While leaders of both parties already are focusing on Republican Gov. Tom Corbett’s expected 2014 re-election campaign and which Democrat would be the strongest challenger, voters across the state also will be choosing nominees for local judgeships, municipal offices and school boards.
Property taxes, road repairs, schools and other local concerns are likely to drive turnout more in some areas than others. Statewide, only about one in five registered voters is likely to go to the polls in the May 21 primary, said Terry Madonna, a professor and pollster at Franklin & Marshall College in Lancaster. The Democratic nomination contest for an open Superior Court seat pits a former policeman against a former pharmacist.
Philadelphia Municipal Court Judge Joseph C. Waters Jr., 60, a retired Philadelphia police captain who put in more than 21 years on the force, will mark four years on the bench in July. He said he would take “a working class perspective” to the state’s main intermediate-level appeals court, which handles a wide range of criminal and civil cases.
Allegheny County Judge Jack McVay Jr., 56, a Pittsburgh resident who has been a licensed pharmacist since 1980, is serving his sixth year in the family-court division. He was previously was in private practice, specializing in cases involving children and families, and said he worked one day a week as a pharmacist during his first couple of years on the bench.

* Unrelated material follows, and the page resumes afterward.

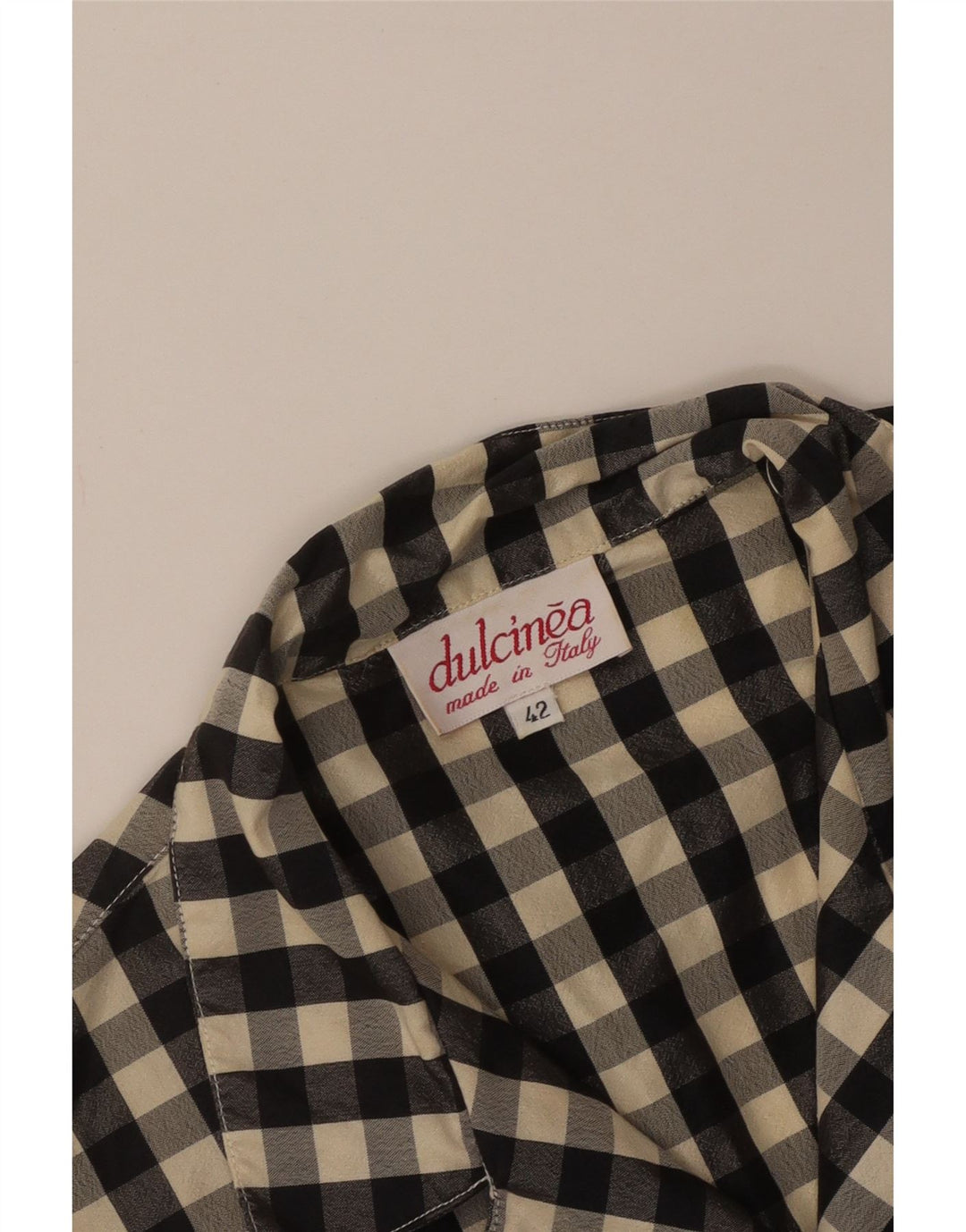 Vintage γυναικείο αμάνικο πουκάμισο μπλούζα IT 42 Medium Black Gingham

Both men received “recommended” ratings from the Pennsylvania Bar Association panel that evaluates judicial candidates. Whoever wins the primary will take on Republican Vic Stabile, a Harrisburg lawyer, in the general election for the Superior Court seat vacated last year by now-Senior Judge John Musmanno when he reached the maximum retirement age of 70.

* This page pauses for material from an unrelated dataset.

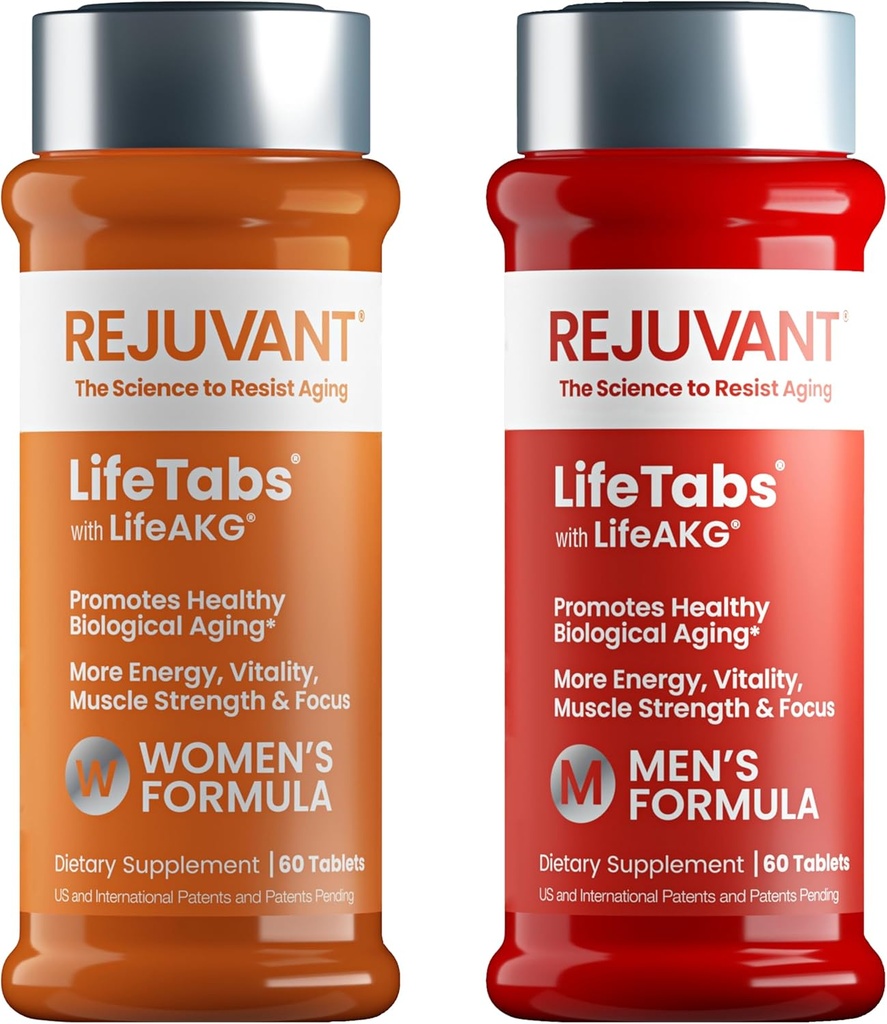 Rejuvant Men 's & Women' s Longevity Supplement - 2 pack (1 Men 's + 1 Women' s) 1000MG 98% Pure Calcium Alpha- Ketoglutaminian - Opatentowany Sustainad- Release Formule for Cellular Repair & Vitality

The salary for a Superior Court judge is $188,337 this year.
Also in the November election, state Supreme Court Chief Justice Ronald Castille and Justice Max Baer and Superior Court judges Susan Gantman and Jack Panella are seeking additional 10-year terms in yes-or-no “retention” votes in which they have no opposition. Castille will turn 70 next year.

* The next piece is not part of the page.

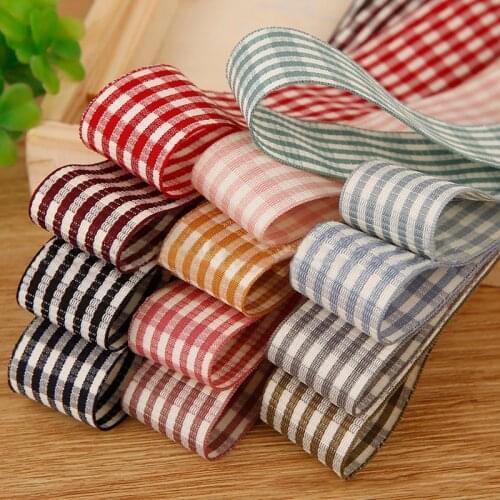 10yards/lot 10mm/16mm/25mm/40mm Christmas Lattice Ribbon for Hair Accessories DIY Gift Box Bouquet Wrapping Lace Ribbons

Top non-judicial races include a three-way battle for the Democratic nomination for Philadelphia city controller. Incumbent Alan Butkovitz is defending his eight-year record against attacks by tax system revamp advocate Brett Mandell and former city law department attorney Mark Zecca.
In Pittsburgh, a looming mayoral vacancy has spawned a four-man Democratic race that includes Jack Wagner, the former state auditor general and former state senator, city Councilman William Peduto, and state Rep. Jake Wheatley. Incumbent mayor Luke Ravenstahl, a Democrat, announced in February that he would seek a second full term as mayor, but changed his mind 10 days later. In Harrisburg and York, where voters in both cities elected women as their first African-American mayors in 2009, the incumbents face competition for the Democratic nominations. Harrisburg Mayor Linda Thompson is being challenged in the primary by three opponents, including city Controller Dan Miller and bookstore owner Eric Papenfuse.
York Mayor Kim Bracey faces opposition from City Council President Carol Hill-Evans and businessman Joe Beltrante.
Most of the races on the May 21 ballot are open only to registered Democrats and Republicans, but special elections to fill vacancies in two districts in the state House of Representatives are open to all voters in those districts.
The vacancies were created last fall by the election of former Rep. Matt Smith of Allegheny County to the state Senate and the election of former Rep. Eugene DePasquale of York County as state auditor general. Both men are Democrats.